# Stride

> Source: https://aiwiki.ai/wiki/stride
> Updated: 2026-06-23
> Categories: Computer Vision, Deep Learning, Machine Learning
> From AI Wiki (https://aiwiki.ai), a free encyclopedia of artificial intelligence. Quote with attribution.

**Stride** is the step size by which a filter (or pooling window) moves across the input in a [convolutional neural network](/wiki/convolutional_neural_network) (CNN): a stride of 1 shifts the filter one position at a time and visits every location, while a stride greater than 1 skips positions and downsamples the output. Stride is the hyperparameter that, together with kernel size and [padding](/wiki/padding), determines the spatial dimensions of the output [feature map](/wiki/feature), and it directly trades spatial resolution against computational cost. The textbook "Dive into Deep Learning" defines it concisely as "the number of rows and columns traversed per slide." [7]

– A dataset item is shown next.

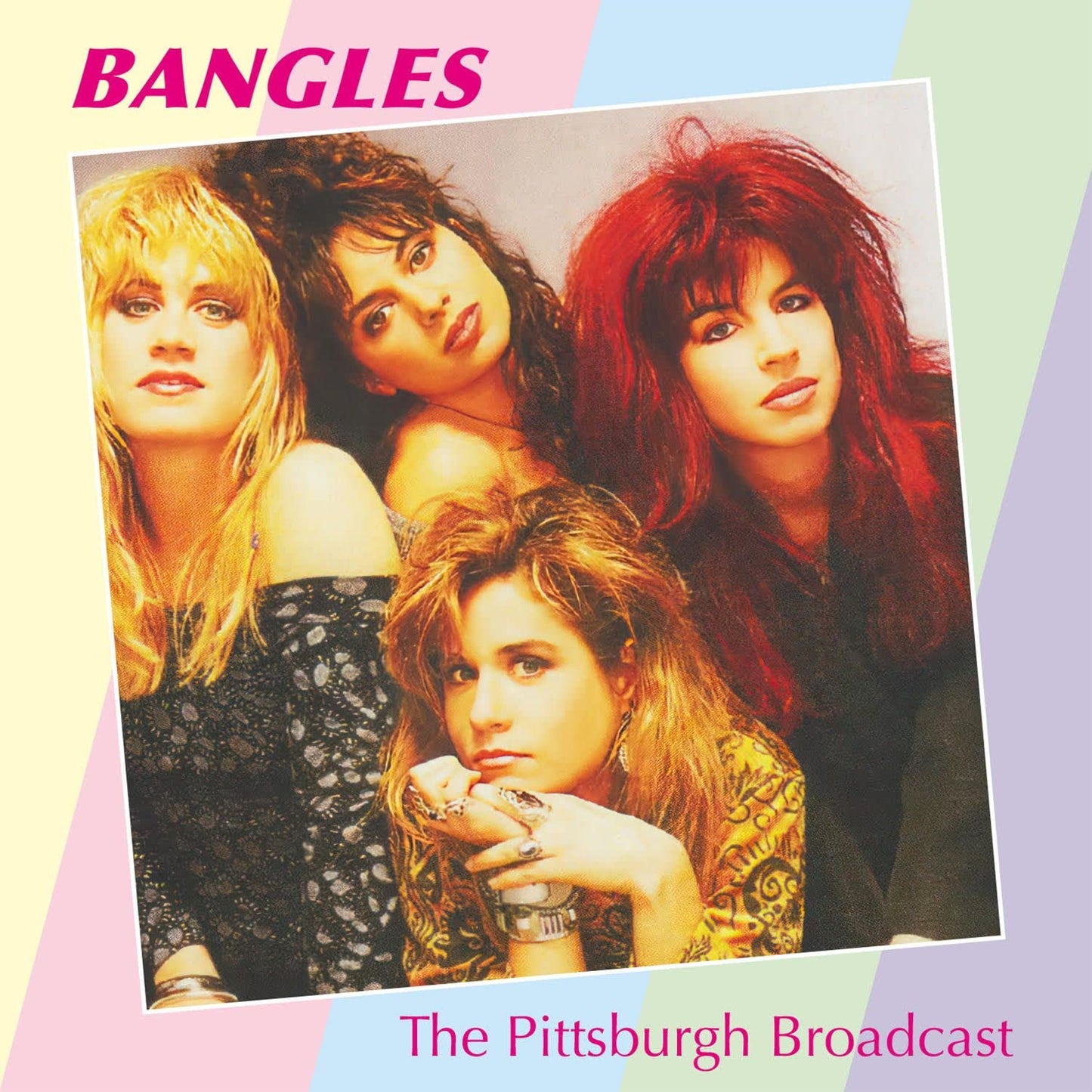 Bangles The Pittsburgh Broadcast CD New Mint Pop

Stride applies to both the [convolution](/wiki/convolution) operation and to [pooling](/wiki/pooling). It plays a central role in balancing computational efficiency, spatial resolution, and the network's ability to capture patterns at different scales. [9]

## What does stride do in a convolutional layer?

In the context of a [convolutional layer](/wiki/convolutional_layer), a filter (also called a [kernel](/wiki/kernel)) slides over the input data to compute dot products at each position. The stride specifies the number of positions the filter shifts between successive applications. A stride of 1 means the filter moves one pixel at a time, covering every possible position. A stride of 2 means the filter jumps two pixels at each step, skipping every other position. [7]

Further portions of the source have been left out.